From the listing below, extract every line containing "bright".
(EXTRACTED DATA)
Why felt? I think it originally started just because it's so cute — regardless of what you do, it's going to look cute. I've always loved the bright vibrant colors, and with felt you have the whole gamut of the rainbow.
(End EXTRACTED DATA)
(EXTRACTED DATA)
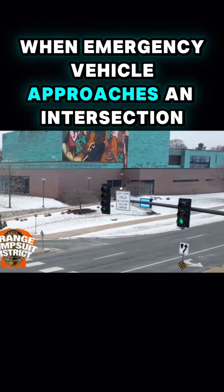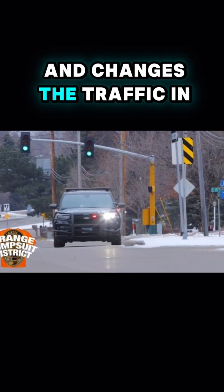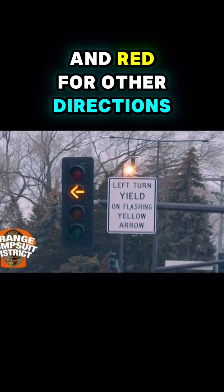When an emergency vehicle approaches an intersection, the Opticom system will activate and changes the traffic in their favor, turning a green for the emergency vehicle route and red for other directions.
(End EXTRACTED DATA)
(EXTRACTED DATA)
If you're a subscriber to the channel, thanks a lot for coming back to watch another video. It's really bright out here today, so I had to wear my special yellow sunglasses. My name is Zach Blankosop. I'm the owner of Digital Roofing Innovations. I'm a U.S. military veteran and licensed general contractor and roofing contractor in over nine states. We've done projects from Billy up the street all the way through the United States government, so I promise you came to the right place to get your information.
(End EXTRACTED DATA)
*RESULT OF THE EXERCISE*.
Why felt? I think it originally started just because it's so cute — regardless of what you do, it's going to look cute. I've always loved the bright vibrant colors, and with felt you have the whole gamut of the rainbow.
If you're a subscriber to the channel, thanks a lot for coming back to watch another video. It's really bright out here today, so I had to wear my special yellow sunglasses. My name is Zach Blankosop. I'm the owner of Digital Roofing Innovations. I'm a U.S. military veteran and licensed general contractor and roofing contractor in over nine states. We've done projects from Billy up the street all the way through the United States government, so I promise you came to the right place to get your information.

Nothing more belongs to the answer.